Despite a Metro strike, temporarily suspended but due to resume once the matches get under way, things are working in São Paulo better than many had expected. The traffic is horrendous, but it’s horrendous in a routine way: Cars never move quickly in São Paulo. Many had feared a repeat of the wave of mass protests that brought millions onto Brazilian streets around the Confederations Cup in June 2013, but so far things have been relatively calm.

This might have something to do with what Olivier Colas, a French national who has been living in Brazil since 1988 and is the senior vice president at Kepler Weber, Brazil’s largest silo and grain storage firm, describes as the “peculiarity” of Brazil’s two-year cycle. “Everything is good for two years, and everyone is very optimistic about the future, and then the optimism evaporates and everyone becomes angry and pessimistic,” he explains. With growth stalled for much of the past 18 months, the fiscal deficit worsening and inflation creeping up past the 6 percent mark, there is much cause for pessimism.

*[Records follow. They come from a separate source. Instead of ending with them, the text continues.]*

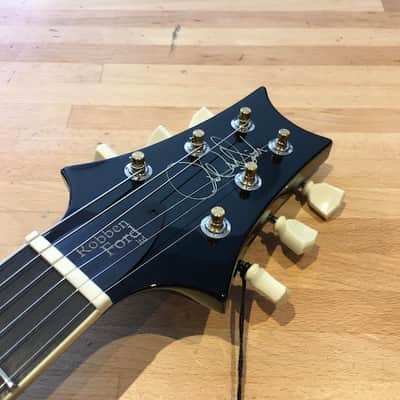 PRS Robben Ford Limited Edition Signature McCarty Black + Case image 4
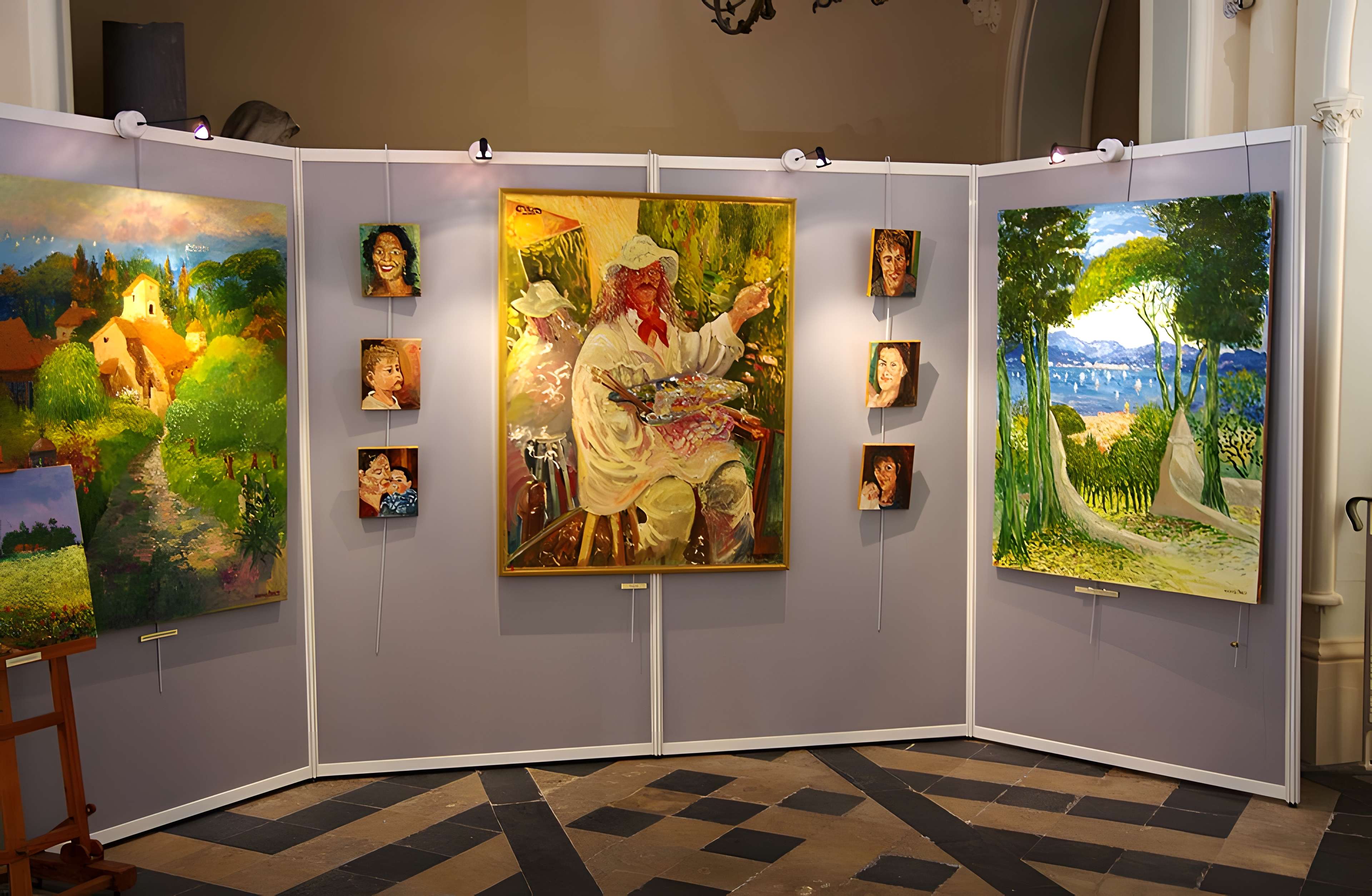 Musée Lombart à Doullens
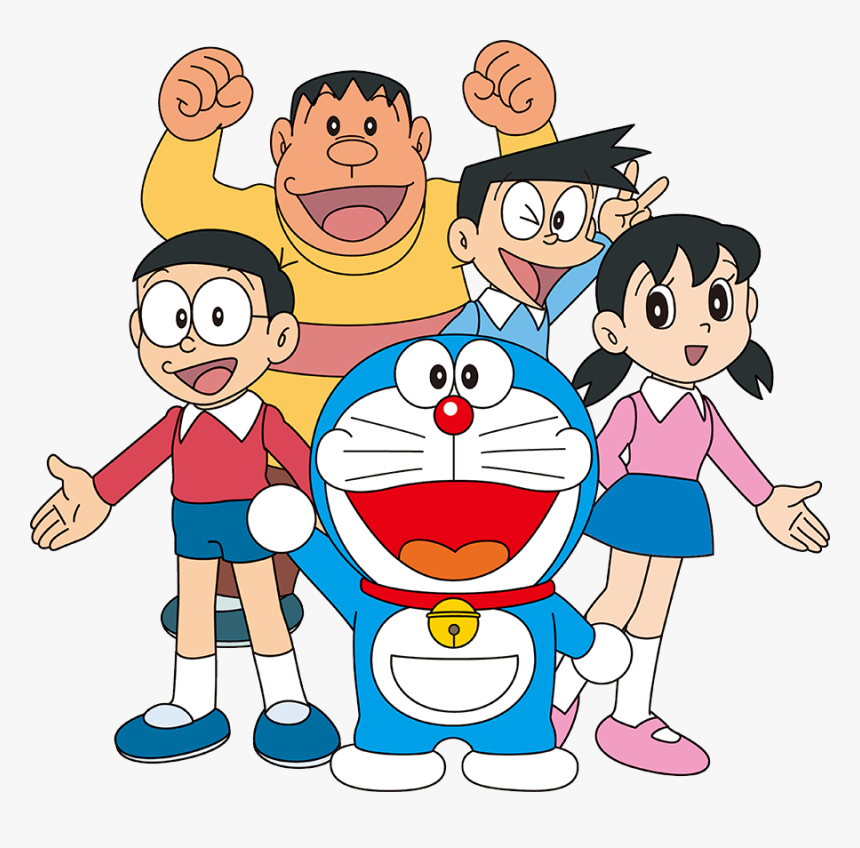 Doraemon's enduring popularity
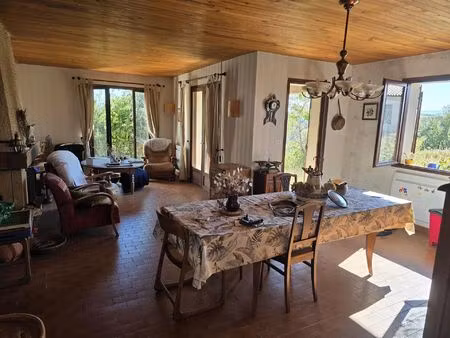 vente maison 4 pièces 92 m2 à vézézoux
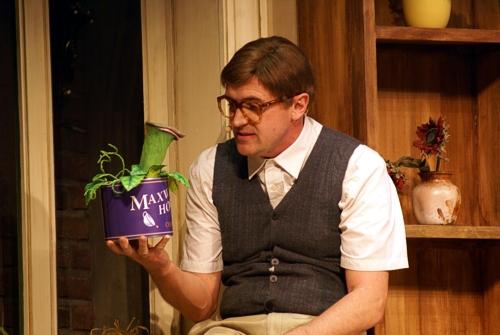 Little shop of horrors - Halmstads Teater<br>Slagthuset, Malmö<br>Lorensbergsteatern, Göteborg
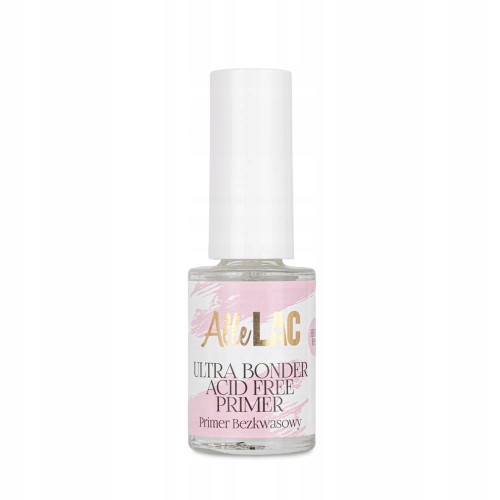 AlleLac Primer bezkwasowy Ultra Bonder Acid Free HEMA/Di-HEMA Free 7ml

But the pessimistic agonies of 2013 appear to be running their course, and there is a cautious optimism that with the effects of the U.S. Federal Reserve’s taper now dissipating in financial markets and with elections ahead, the nation’s psychological state might be headed for sunnier days.

There’s another reason why the protesters might be staying home: Experience has taught them to expect little from the government, even in the face of massive social disruption. “Nothing much happened after the protests” of 2013, says Kamm. “Rousseff made some vague noises about ‘listening to the people,’ and then people just went back to living life the way they had before.” The enthusiasm for mass social demonstrations, even among the hard-core “Black Blocs” of disaffected lower-middle-class 20-somethings who were at the vanguard of last year’s unrest, appears to have waned as quickly as it flared — for now, at least.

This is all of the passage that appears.